═══ EXERCISE DATA ═══
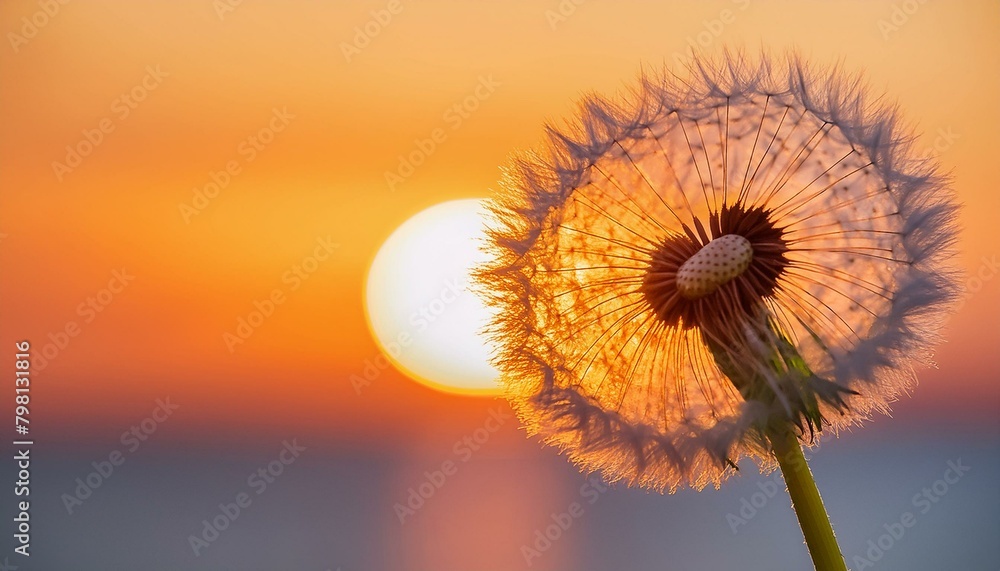 Sunset Embrace: Dandelion Bathed in Last Light of Day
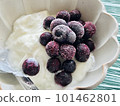 Blueberry and yogurt 101462801
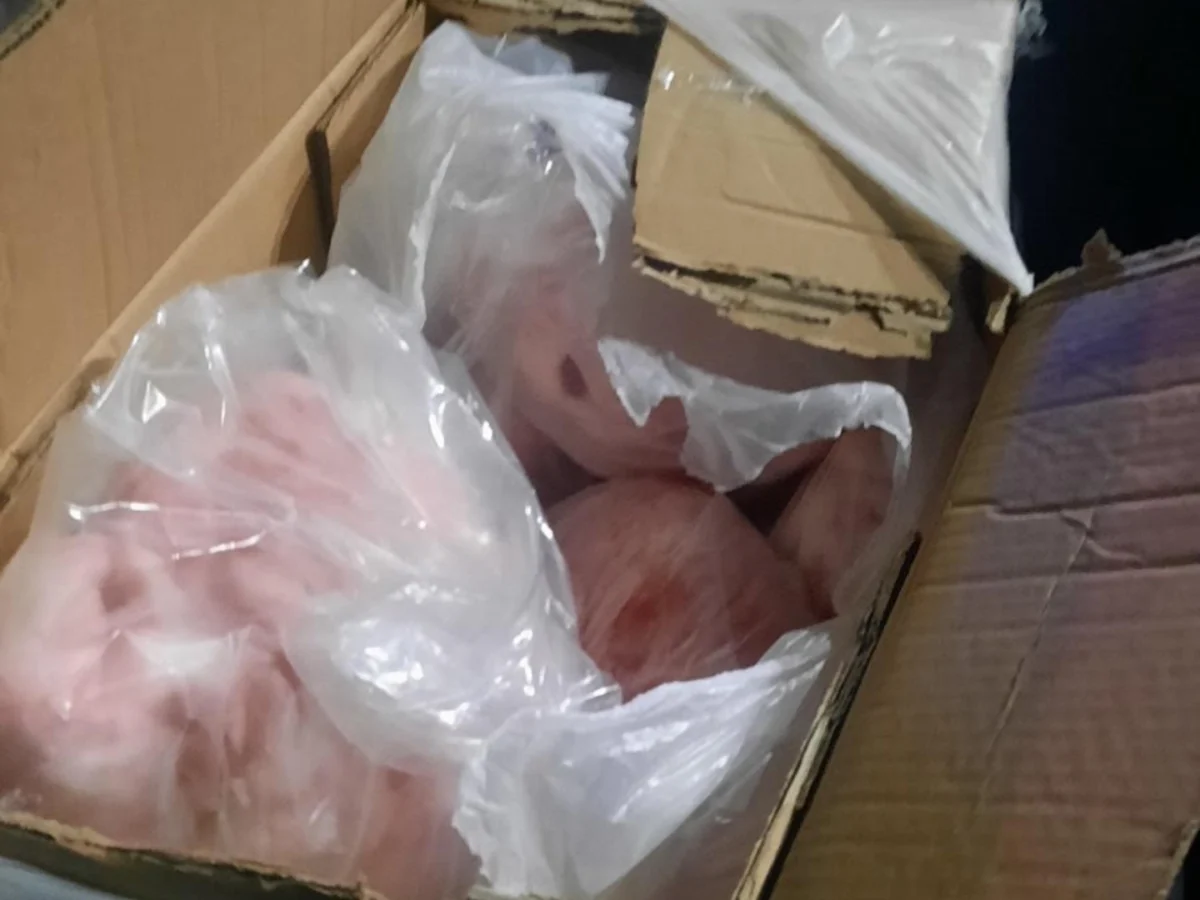БАБХ откри над 2 тона храни без етикети в автобуси край Созопол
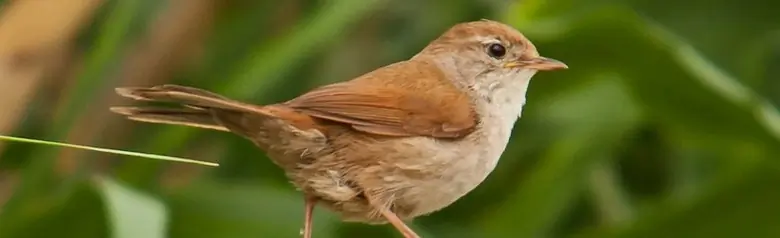 Cetti's Warbler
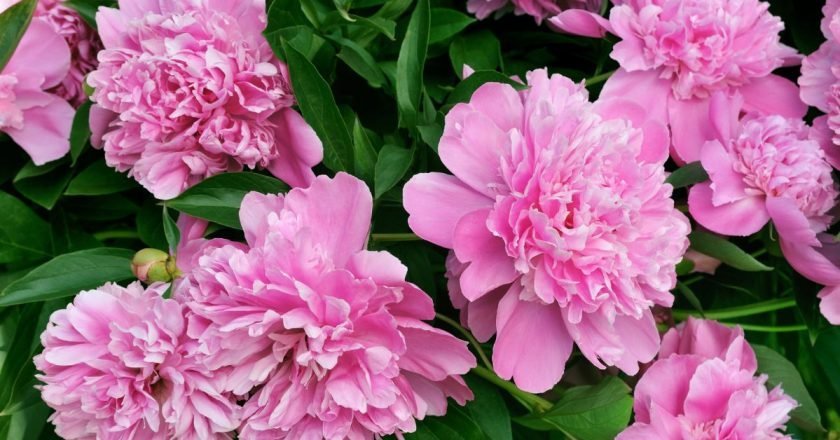 Пышное цветение пионов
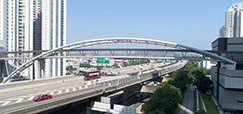 Long Span Footbridge Connecting Hoi Ying Estate and Hoi Tat Estate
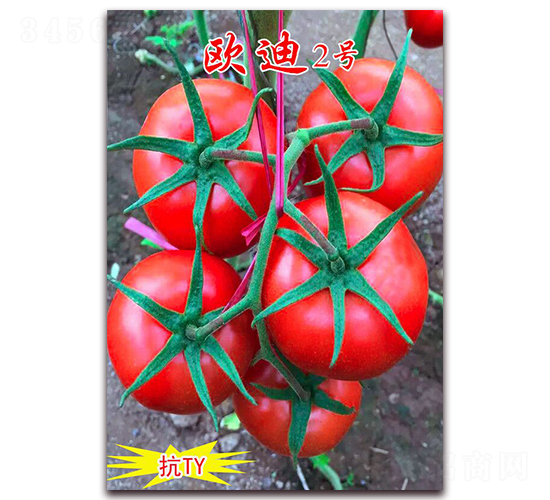 ŷ��2��-��ɫ��������-������ҵ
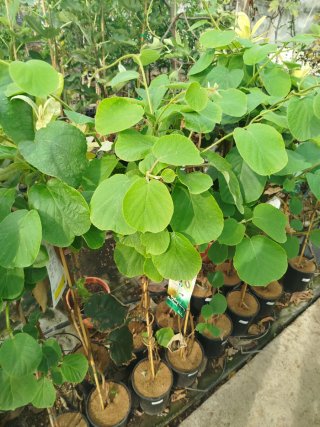 Planta de Kiwi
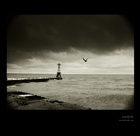 dailyPhoto6
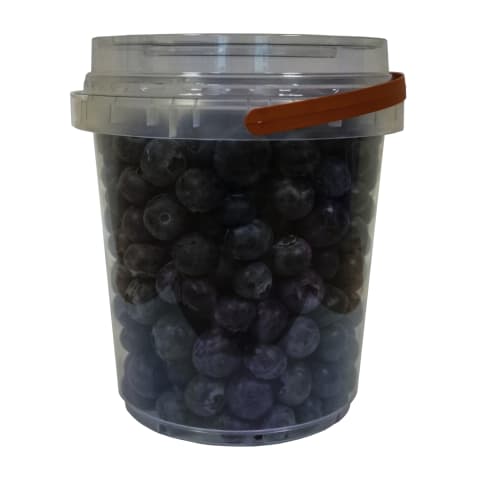 Šilauogės, 500 g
═══
PROMPT = Word for word, restate only the lines from the one bearing "Пышное цветение пионов" through the final line of the listing, inclusive, with no pictures.

RESPONSE =
 Пышное цветение пионов
 Long Span Footbridge Connecting Hoi Ying Estate and Hoi Tat Estate
 ŷ��2��-��ɫ��������-������ҵ
 Planta de Kiwi
 dailyPhoto6
 Šilauogės, 500 g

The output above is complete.